El sarcasmo inevitable es que, mientras algunos líderes políticos de Estados Unidos han mostrado posturas antiambientalistas, el mismo país ha manifestado interés estratégico en Groenlandia. ¿Por qué? Porque ese territorio es la base de la geopolítica ambiental del futuro: reservas de agua dulce, minerales críticos para la transición energética y una posición clave en el Ártico. En otras palabras, el espacio que se desprecia en el discurso es el mismo que se codicia en la práctica.
Hablar de rendimientos marginales decrecientes en la política guajira no es un ejercicio abstracto: la ganadería expansiva en Colombia es el ejemplo más evidente. Cada hectárea adicional destinada al ganado produce menos beneficios económicos, mientras multiplica los costos ambientales y sociales.Esa expansión desmedida está reemplazando tierras cultivables por pastizales, mientras el ganado libera enormes cantidades de gases de efecto invernadero. No es solo un problema ambiental: la Organización Mundial de la Salud (OMS) ha clasificado la carne roja como “probablemente cancerígena para los humanos” (grupo 2A) y la carne procesada como “cancerígena” (grupo 1). Estudios internacionales muestran que consumir 50 gramos diarios de carne procesada aumenta en un 18% el riesgo de cáncer colorrectal. Además, la ganadería es responsable de cerca del 14% de las emisiones globales de gases de efecto invernadero.
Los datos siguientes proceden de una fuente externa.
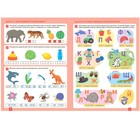 Большая рабочая тетрадь «Уроки грамоты в детском саду и дома», 6-7 лет, ФГОС, Денисова Д., Дорофеева Э.М. - Фото 3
Lo siento por quienes defienden este modelo ganadero capitalista, pero ya no es rentable para la vida del planeta ni para nuestra salud. No es ideología, son datos científicos.
Datos extra para el que crea: En promedio, producir una sola hamburguesa de carne requiere alrededor de 2.400 litros de agua, considerando todo el proceso desde la cría del ganado hasta los ingredientes adicionales como pan y condimentos.